Work instructions ▸ I would like the entries transcribed word for word, please, with the pictures removed.

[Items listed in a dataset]
%%

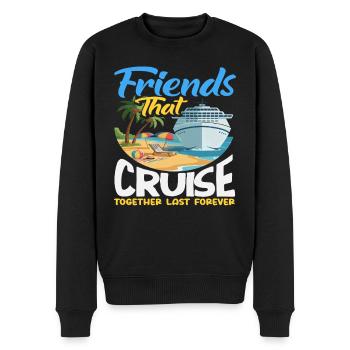Friends Cruise Together Vacation Travel - Men's Premium Organic Jumper - black - Front - Nico (187cm)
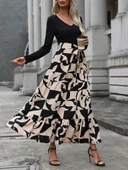 Kadın Uzun Kollu Bisiklet Yaka Uzun Elbise thumbnail 7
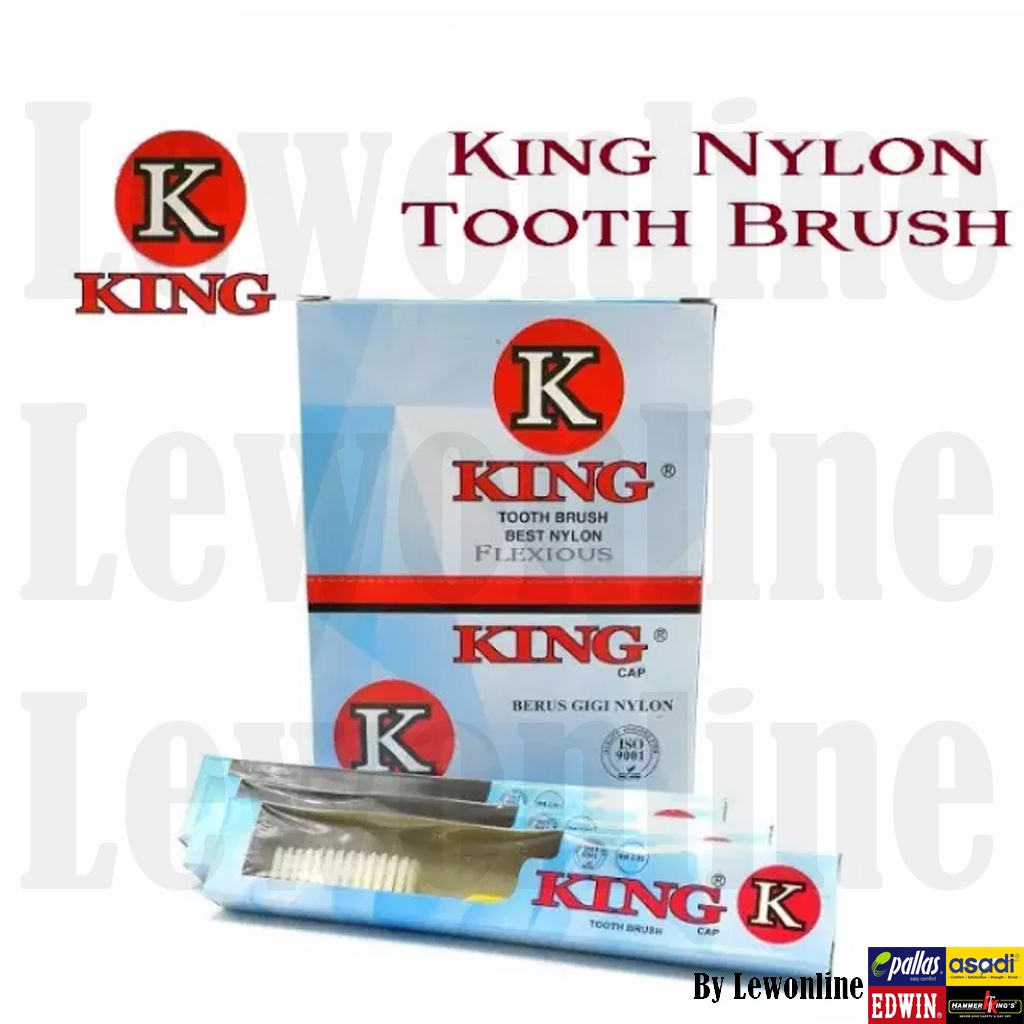 Ready Stock King Nylon Tooth Brush /Berus Gigi KERAS TYPE /Toothbrush Adult Ace Berus Gigi Nylon CMK12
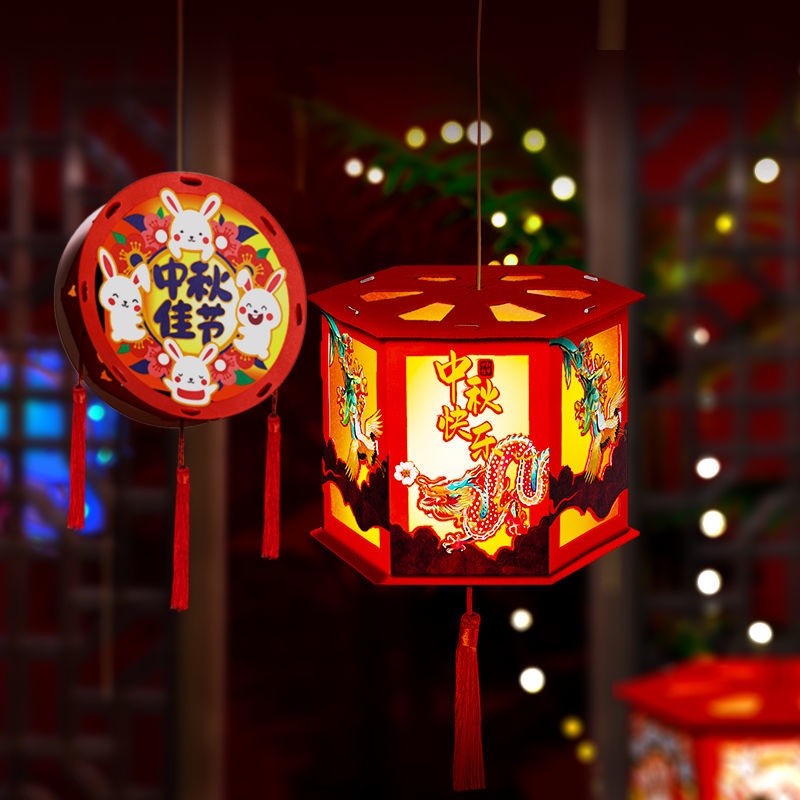Lồng Đèn Treo Trang Trí Thủ Công Phong Cách Trung Hoa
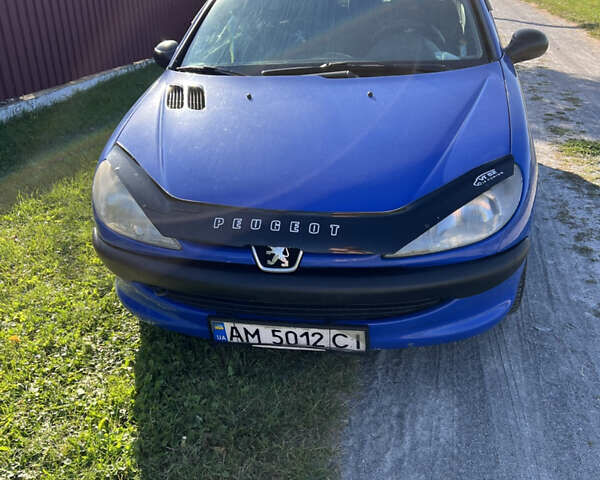 Синій Пежо 206, об'ємом двигуна 1.12 л та пробігом 195 тис. км за 3000 $, фото 8 на Automoto.ua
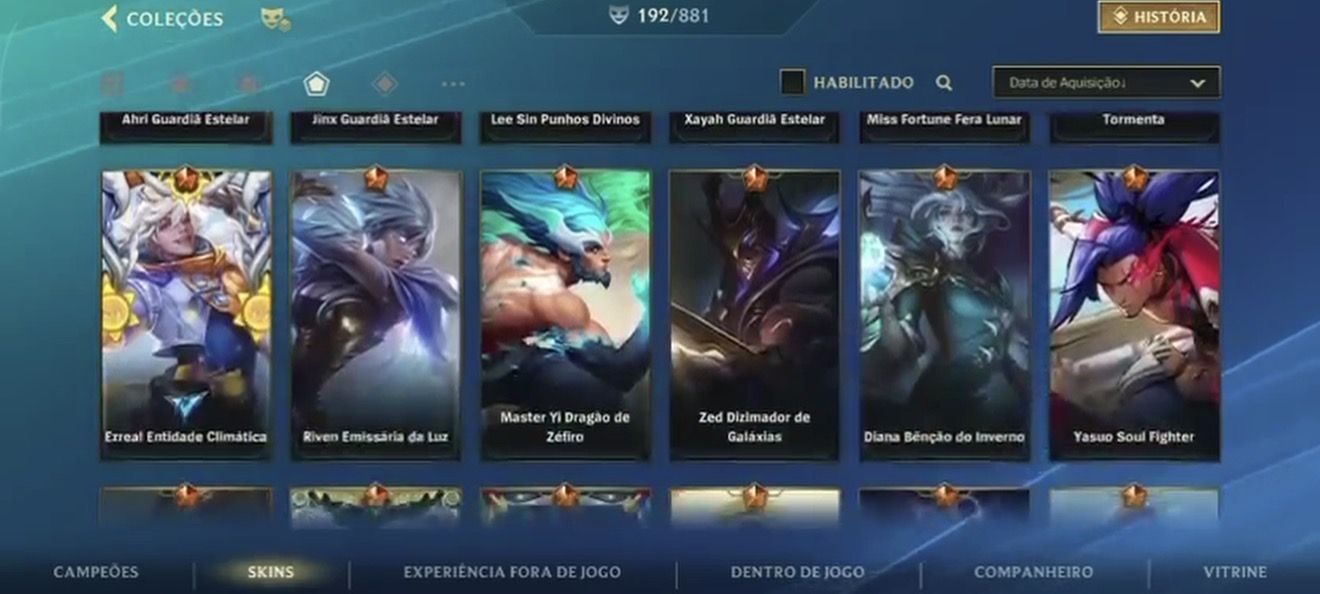 Conta Wild rift com Lux prestígio e Yasuo prestigio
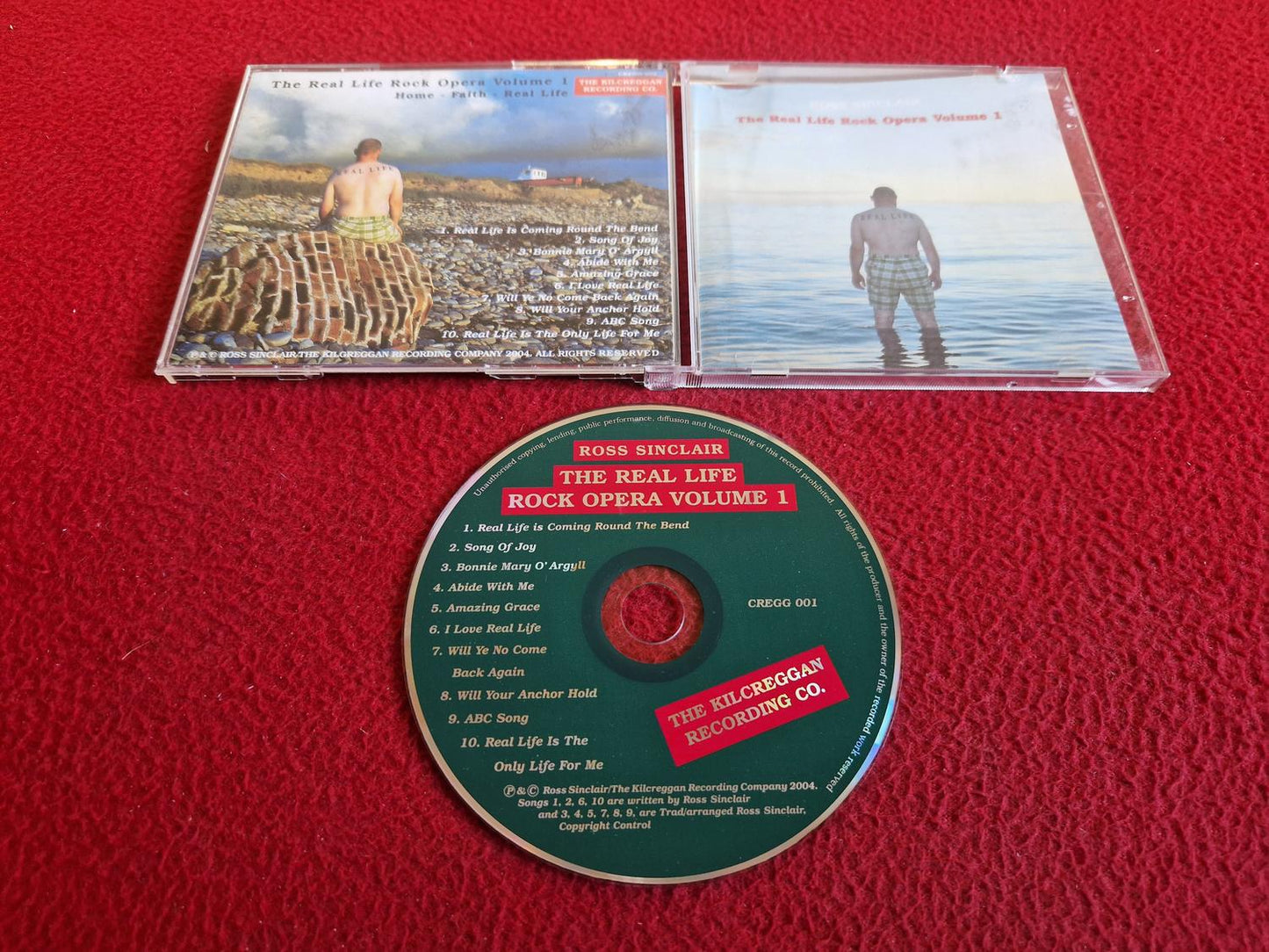 ROSS SINCLAIR THE REAL LIFE ROCK OPERA VOLUME 1 CD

%%

Response box ▸
Friends Cruise Together Vacation Travel - Men's Premium Organic Jumper - black - Front - Nico (187cm)
 Kadın Uzun Kollu Bisiklet Yaka Uzun Elbise thumbnail 7
 Ready Stock King Nylon Tooth Brush /Berus Gigi KERAS TYPE /Toothbrush Adult Ace Berus Gigi Nylon CMK12
Lồng Đèn Treo Trang Trí Thủ Công Phong Cách Trung Hoa
 Синій Пежо 206, об'ємом двигуна 1.12 л та пробігом 195 тис. км за 3000 $, фото 8 на Automoto.ua
 Conta Wild rift com Lux prestígio e Yasuo prestigio
 ROSS SINCLAIR THE REAL LIFE ROCK OPERA VOLUME 1 CD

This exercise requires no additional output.